# panoramo 360 degree CCTV system



## ianclapham (Jan 10, 2011)

Panoramo: 360 Degree drain CCTV Survey
Exclusive to Lanes in the UK, the revolutionary Panoramo 3D Optoscanner gives a truly panoramic CCTV drain survey. Whereas conventional pan and tilt drain inspection cameras rely on the operator to see and record images, Panoramo sees and records everything in one speedy pass. Travelling at up to 35cm per second, it scans the entire surface of a drain or sewer and stores the data digitally. That CCTV survey can then be referenced subsequently at any time, such as on a PC back in the office.

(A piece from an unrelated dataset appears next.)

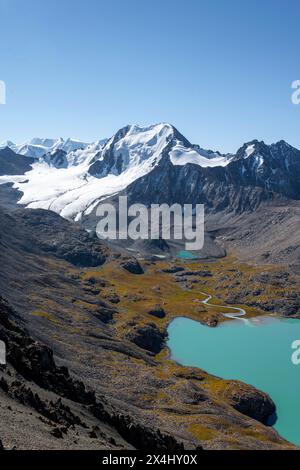 Montagne alte Tien Shan, lago di montagna Ala-Kul, picco di 4000 metri con ghiacciaio, Ak-su, Kirghizistan Foto Stock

http://rapidview.com/panoramo_pipeline.html


----------



## AssTyme (May 15, 2010)

$$$$$$$$$$$$$$$$$$$$$$$$$


----------



## Tommy plumber (Feb 19, 2010)

Pretty high-tech Mr. Ian of Lanes Drains. Has to be very pricey...:yes:

That technology is very impressive.


----------



## Redwood (Sep 8, 2008)

AssTyme said:


> $$$$$$$$$$$$$$$$$$$$$$$$$


No more like a pile of these...:laughing:


----------



## ianclapham (Jan 10, 2011)

£300,000 ($486,000) when it was bought 6 years ago.
The customer pays good money for the survey, we are talking about large sewers and long runs to justify the cost.


----------